Goal of the exercise -
Would you return the lines that run from the start of the data below to the line with "Quiet life kung", both included, exactly as written and without pictures?

........

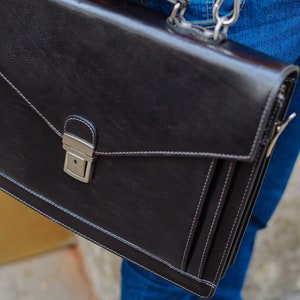 Leather Briefcase,Black Leather Briefcase, Mens Leather Briefcase, Laptop Bag, Leather bag, Gift for Him, Shoulder Bag, Mens Briefcase image 3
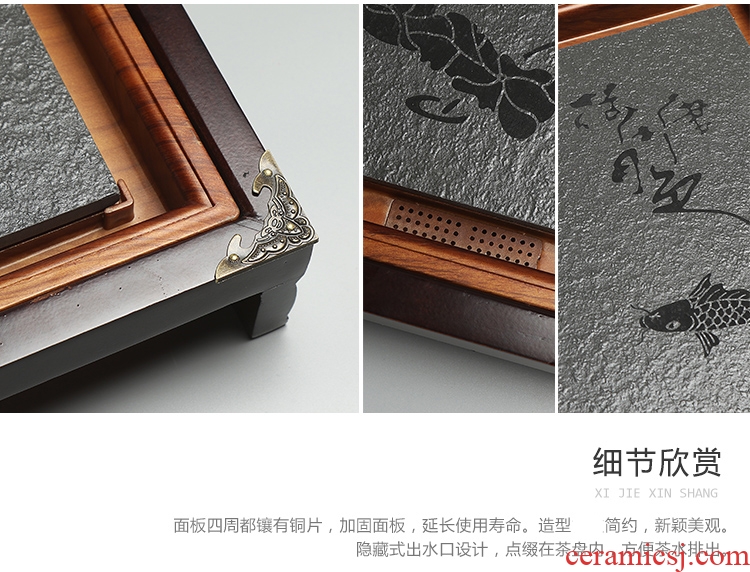 Quiet life kung fu tea drawer drainage ceramic tea tray tea sea stone tea tray of household solid wood storage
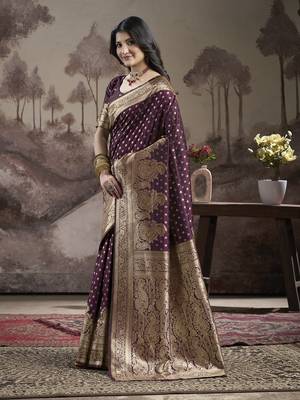 Women's Wine Soft Lichi Silk Jacquard Traditional Saree with Blouse 2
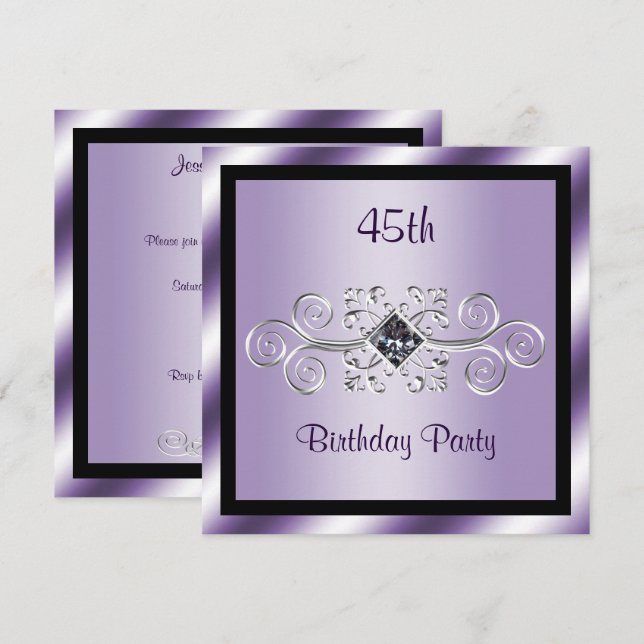Invitation Fête d'anniversaire de 45 ans Silver Swirls & Diam (Devant / Derrière)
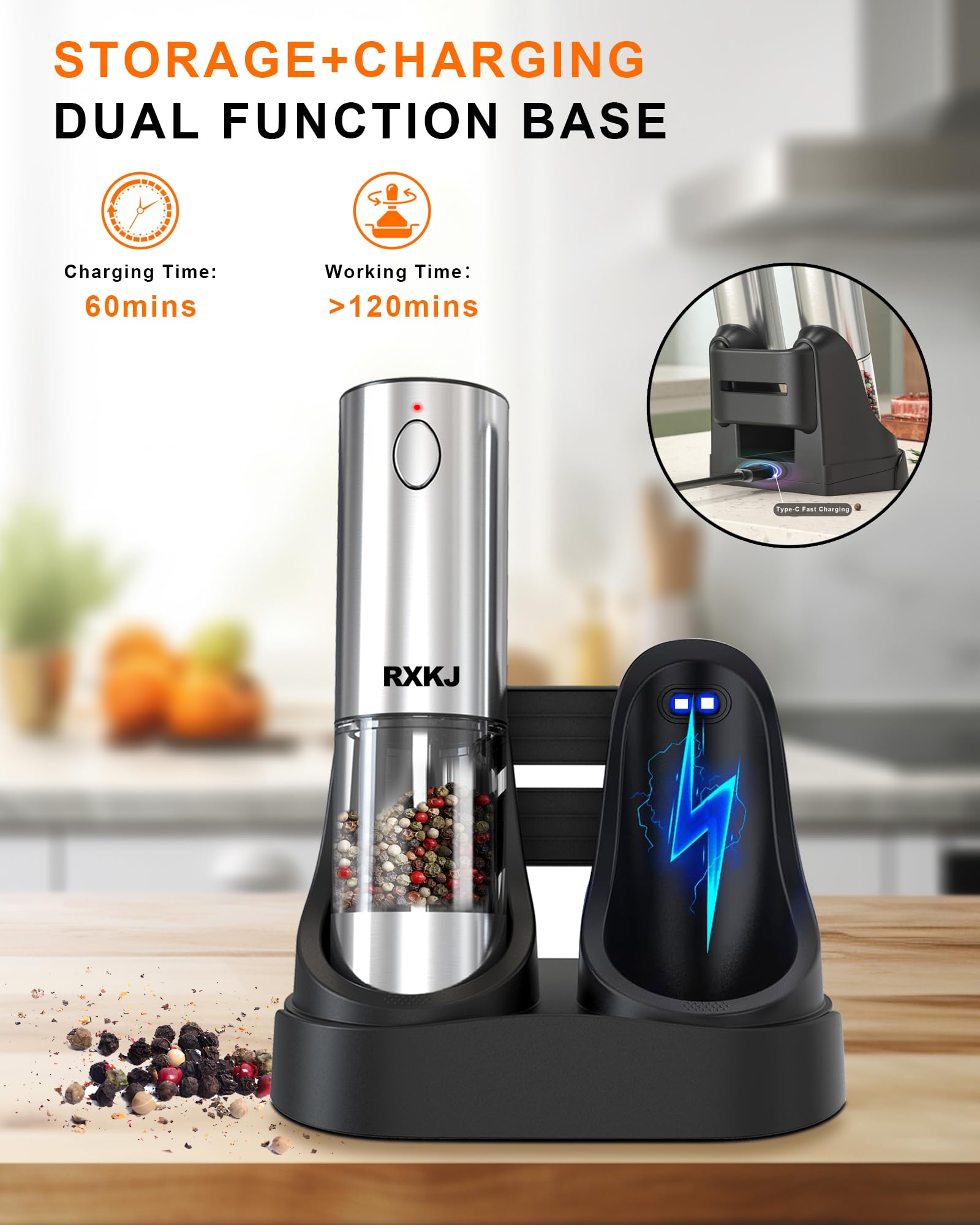 Premium Electric Salt and Pepper Grinder Set - Rechargeable Stainless Steel Automatic Spice Mill with LED Light & Adjustable Coarseness - Perfect for Home Kitchen, Dining Table, and Gourmet Cooking Gifts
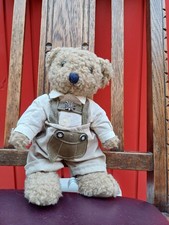 Vintage Teddyb&auml;r in bayerischer Stoff Latzhose mit Hemd G. Wurm K&ouml;ln  ca. 24 cm
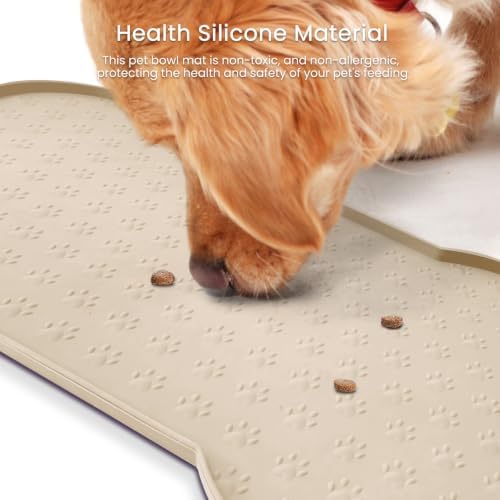 PWTAA Dog Food Mat Anti-Slip Silicone Dog Bowl Mat Thicker Pet Placemat Waterproof Cat Feeder Pad with Raised Edge Puppy Kitten Feeding Mats Suitable Small Medium-Sized Dogs Cats Eating Tray - 2PCS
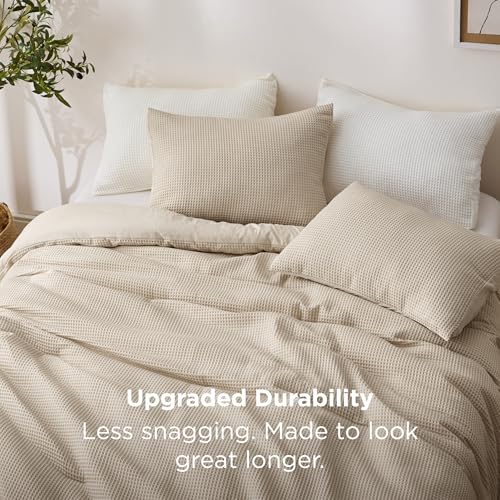 Image of Bedsure Queen Bedding Comforter Set Beige, Waffle Breathable Bedding Set, All Season Comforter with 3 Pieces, 1 Waffle Weave Comforter (90 inchx90 inch) and 2 Pillowcases (20 inchx26 inch)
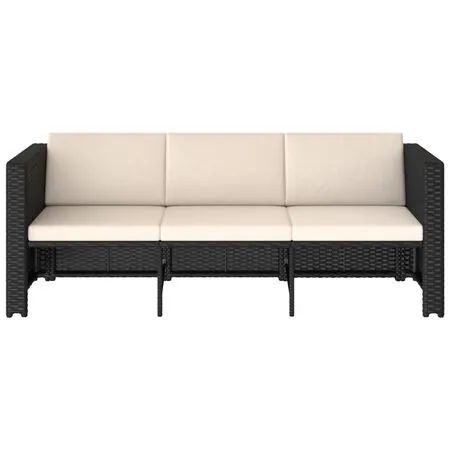  Set mobilier de grădină cu perne, 4 piese, negru, poliratan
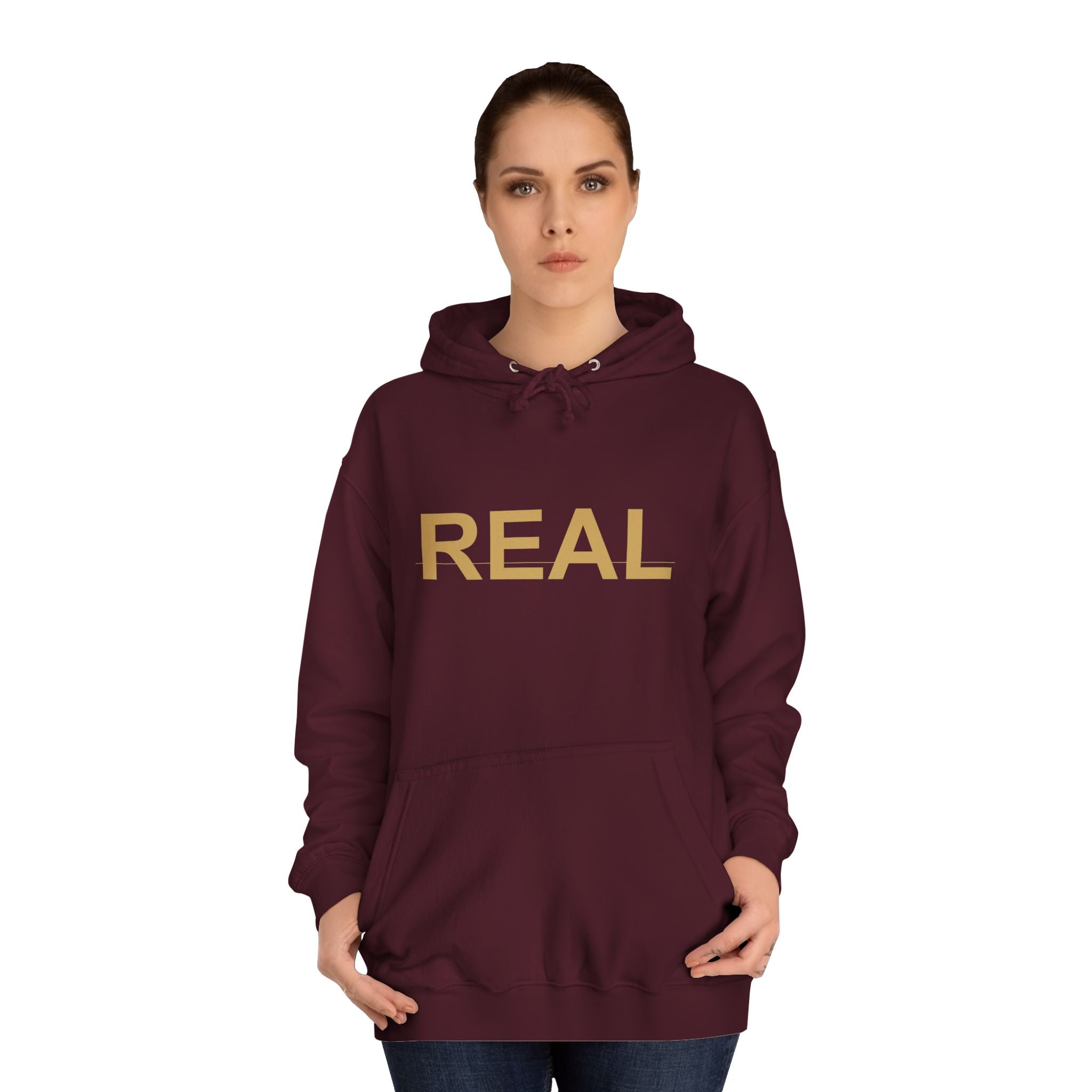 REAL Gold Block Letter Minimalist Statement Hoodie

........

Response -
 Leather Briefcase,Black Leather Briefcase, Mens Leather Briefcase, Laptop Bag, Leather bag, Gift for Him, Shoulder Bag, Mens Briefcase image 3
 Quiet life kung fu tea drawer drainage ceramic tea tray tea sea stone tea tray of household solid wood storage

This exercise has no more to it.